▶ WORK ORDER:
Below is a listing; retype exactly the lines between the one containing "2020 GMC TERRAIN - 9" and the one containing "Used 2023 GMC", inclusive, minus the pictures.

:: MATERIAL FOR THIS TASK

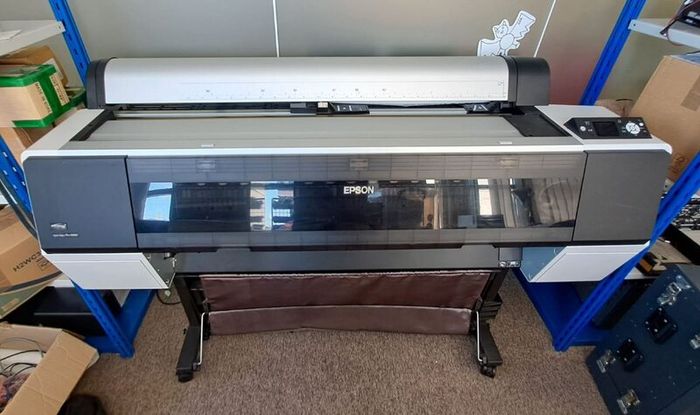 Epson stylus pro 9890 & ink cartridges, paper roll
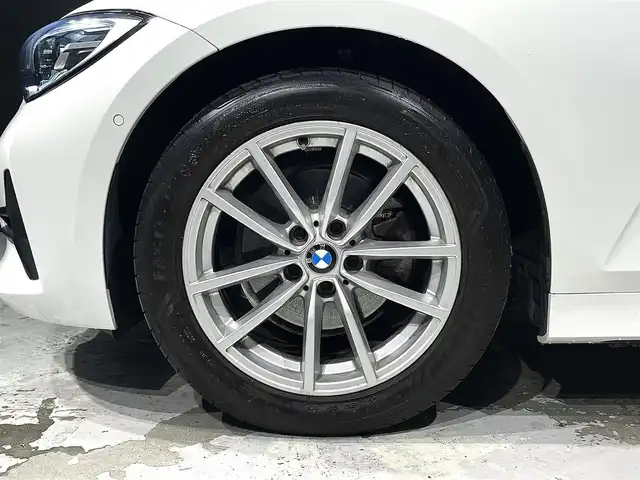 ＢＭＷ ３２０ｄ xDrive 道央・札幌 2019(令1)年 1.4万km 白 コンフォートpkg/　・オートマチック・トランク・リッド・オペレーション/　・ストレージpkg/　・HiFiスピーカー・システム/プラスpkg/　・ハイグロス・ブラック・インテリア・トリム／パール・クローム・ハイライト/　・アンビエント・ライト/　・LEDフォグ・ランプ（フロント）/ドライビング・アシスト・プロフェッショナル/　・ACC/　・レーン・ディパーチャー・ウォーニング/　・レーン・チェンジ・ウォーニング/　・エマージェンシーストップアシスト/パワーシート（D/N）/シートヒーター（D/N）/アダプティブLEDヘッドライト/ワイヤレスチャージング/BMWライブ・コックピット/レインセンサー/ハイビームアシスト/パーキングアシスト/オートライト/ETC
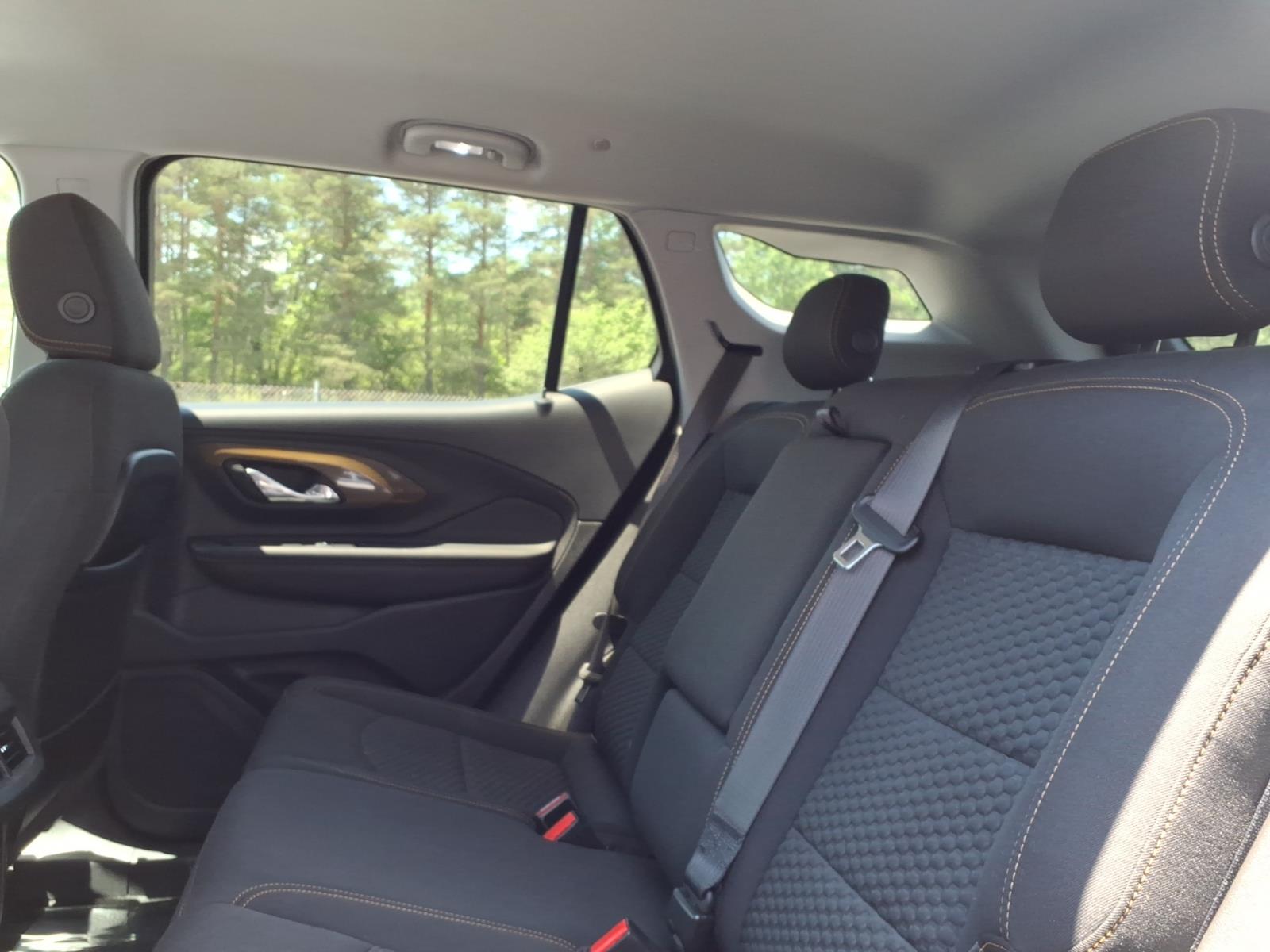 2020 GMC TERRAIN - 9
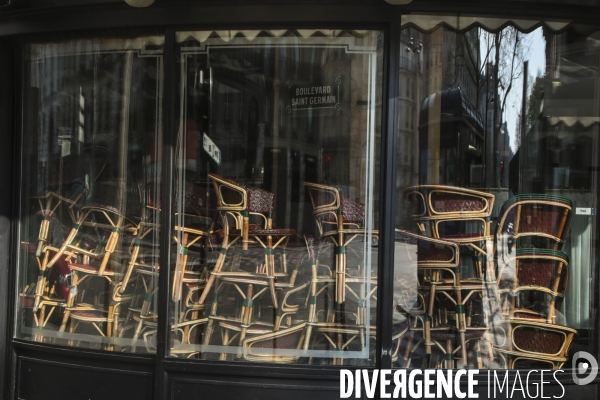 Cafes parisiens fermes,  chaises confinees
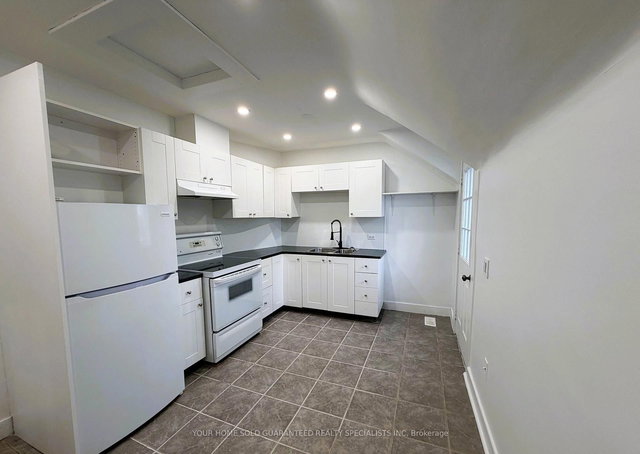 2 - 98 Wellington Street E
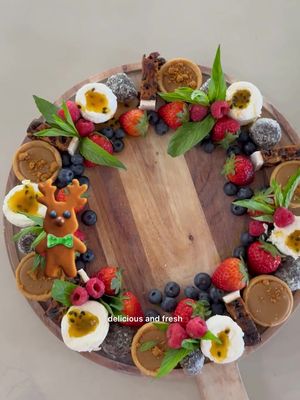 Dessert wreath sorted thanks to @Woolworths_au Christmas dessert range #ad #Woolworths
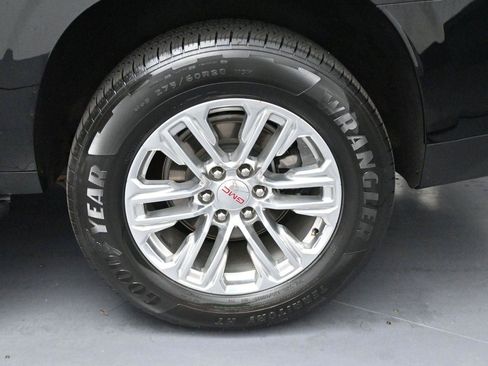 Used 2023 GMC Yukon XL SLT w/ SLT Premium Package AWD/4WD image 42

::::
:: MATERIAL FOR THIS TASK

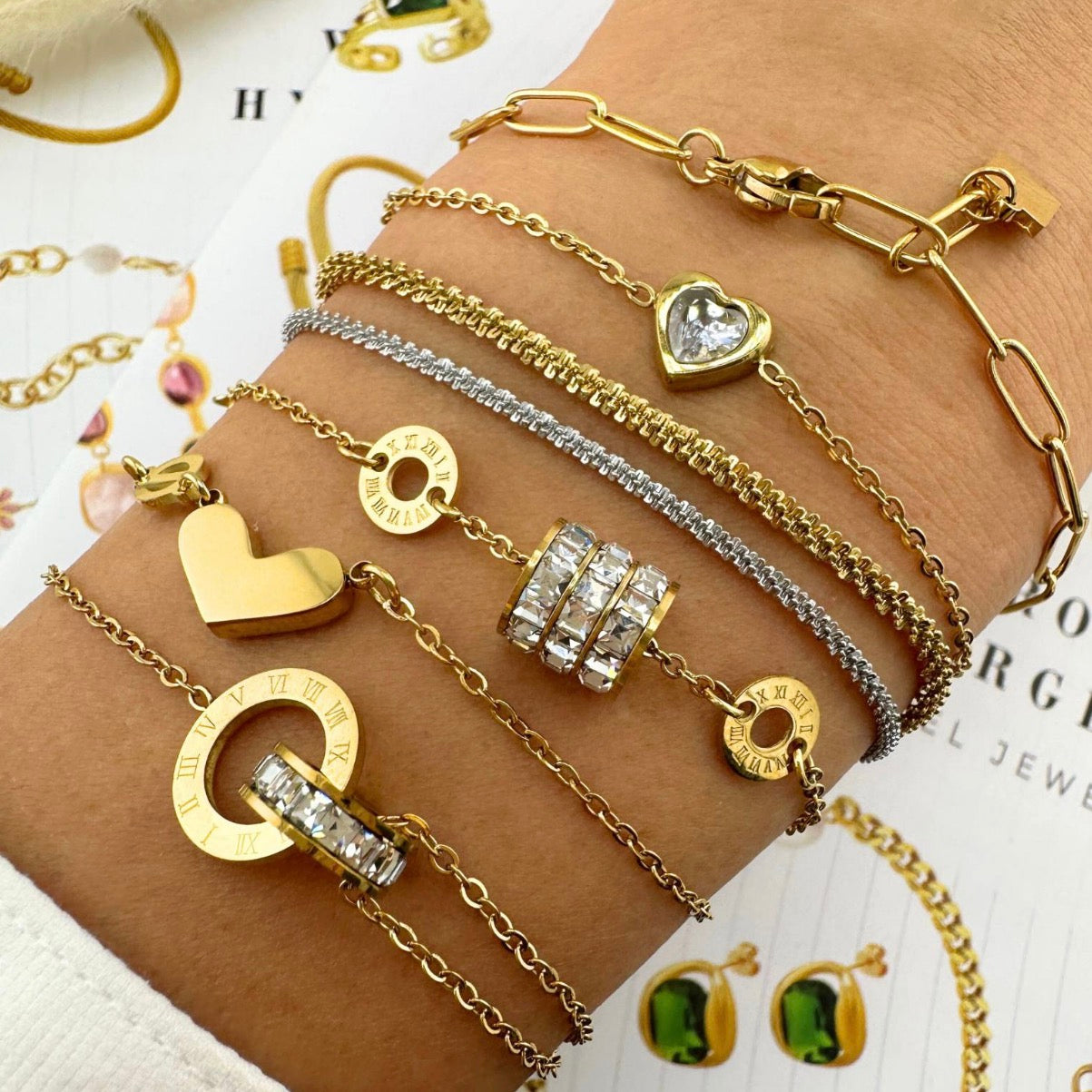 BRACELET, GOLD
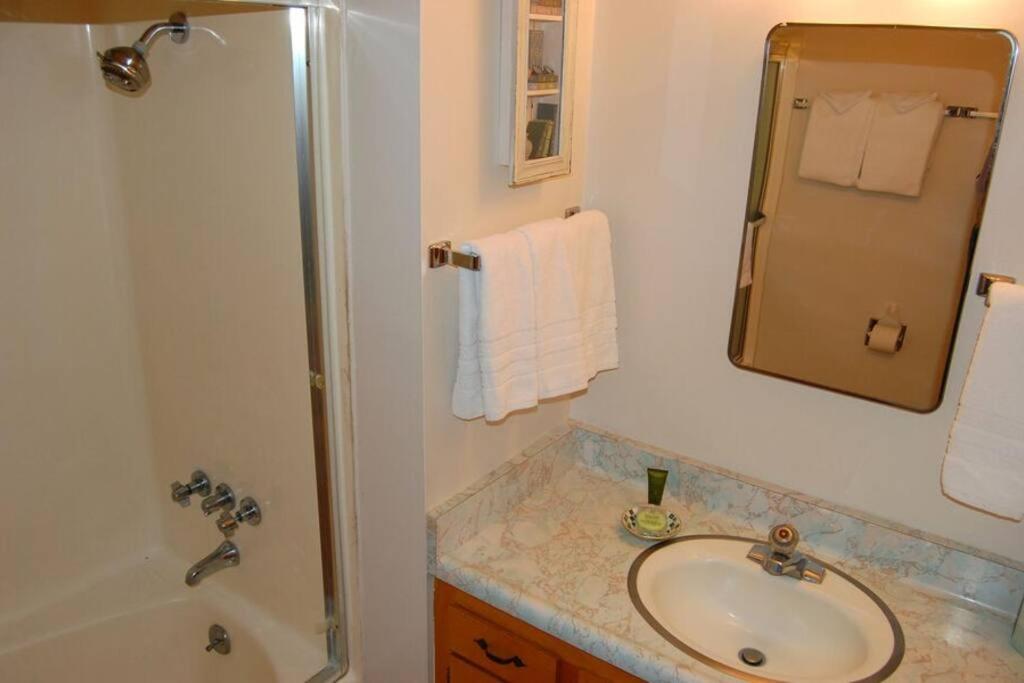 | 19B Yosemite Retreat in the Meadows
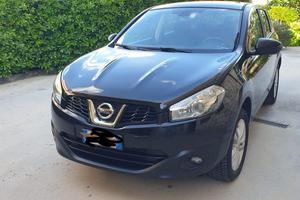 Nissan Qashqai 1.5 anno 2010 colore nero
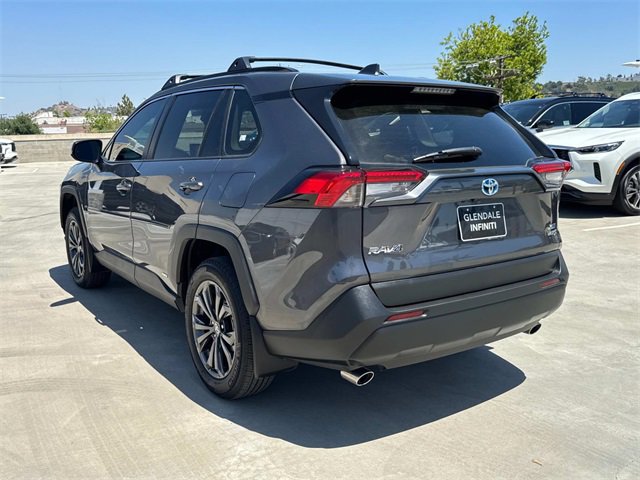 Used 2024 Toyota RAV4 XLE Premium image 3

::::
:: MATERIAL FOR THIS TASK

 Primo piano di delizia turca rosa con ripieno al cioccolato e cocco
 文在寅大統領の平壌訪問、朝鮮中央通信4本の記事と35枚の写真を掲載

::::

▶ ANSWER SECTION:
 2020 GMC TERRAIN - 9
 Cafes parisiens fermes,  chaises confinees
 2 - 98 Wellington Street E
 Dessert wreath sorted thanks to @Woolworths_au Christmas dessert range #ad #Woolworths
 Used 2023 GMC Yukon XL SLT w/ SLT Premium Package AWD/4WD image 42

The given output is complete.